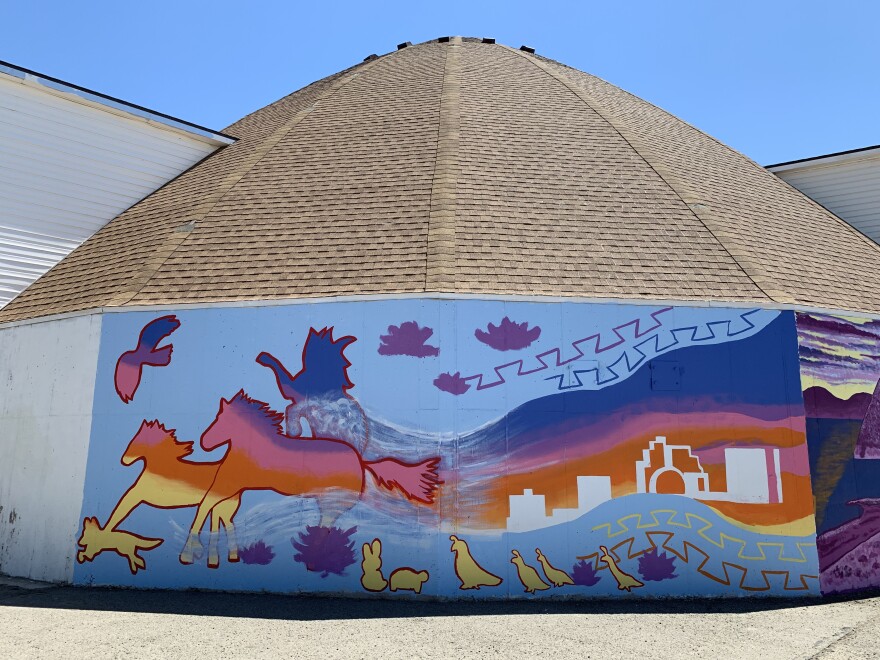 A mural with the river, wild horses, birds and buildings on it.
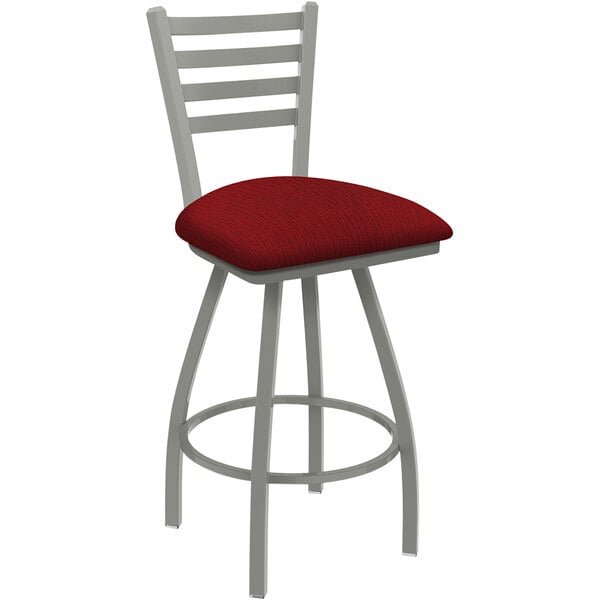 A Holland Bar Stool Jackie Ladderback Swivel Bar Stool with a red cushion and grey metal frame.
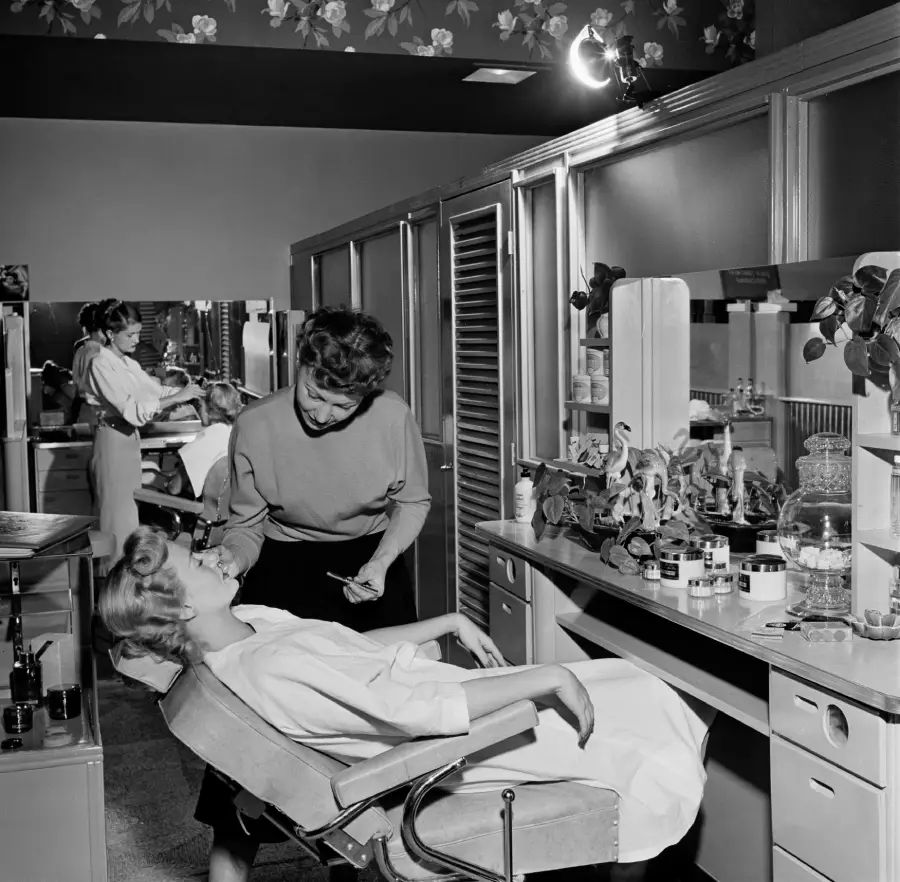 A woman reclines in a salon chair while another woman applies makeup at a vanity. The room has mirrors, shelves with beauty products, and floral wallpaper. Another client and stylist are visible in the background.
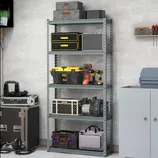 Metal shelving unit holding storage boxes, toolboxes, and power tools; surrounded by additional storage items and a cabinet.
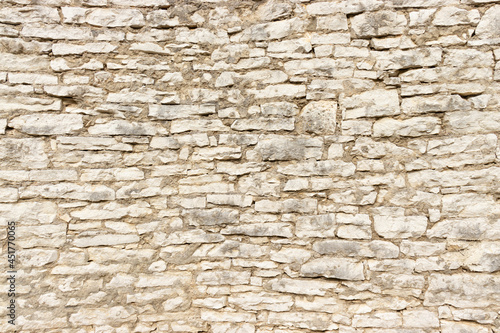 Large stone wall made by stacking small stone blocks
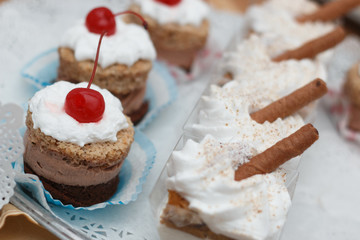 Dessert with chocolate mousse and whipped cream with cherry on t
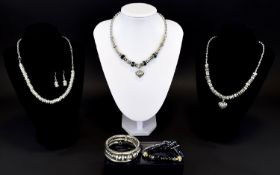 A Collection Of Bead Crystal And Silver Tone Costume Jewellery Housed in original gift box,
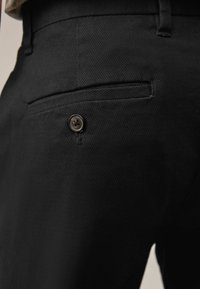 Pantaloni negri dintr-un material texturat, cu un buzunar aplicat și un detaliu cu nasture. Materialul pare durabil și neted.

━━━━━━━━━━

**WHAT YOU HAVE TO DO**
Every record must be transcribed faithfully, with no picture carried over.

**RESULT**
 A mural with the river, wild horses, birds and buildings on it.
 A Holland Bar Stool Jackie Ladderback Swivel Bar Stool with a red cushion and grey metal frame.
 A woman reclines in a salon chair while another woman applies makeup at a vanity. The room has mirrors, shelves with beauty products, and floral wallpaper. Another client and stylist are visible in the background.
 Metal shelving unit holding storage boxes, toolboxes, and power tools; surrounded by additional storage items and a cabinet.
 Large stone wall made by stacking small stone blocks
 Dessert with chocolate mousse and whipped cream with cherry on t
 A Collection Of Bead Crystal And Silver Tone Costume Jewellery Housed in original gift box,
 Pantaloni negri dintr-un material texturat, cu un buzunar aplicat și un detaliu cu nasture. Materialul pare durabil și neted.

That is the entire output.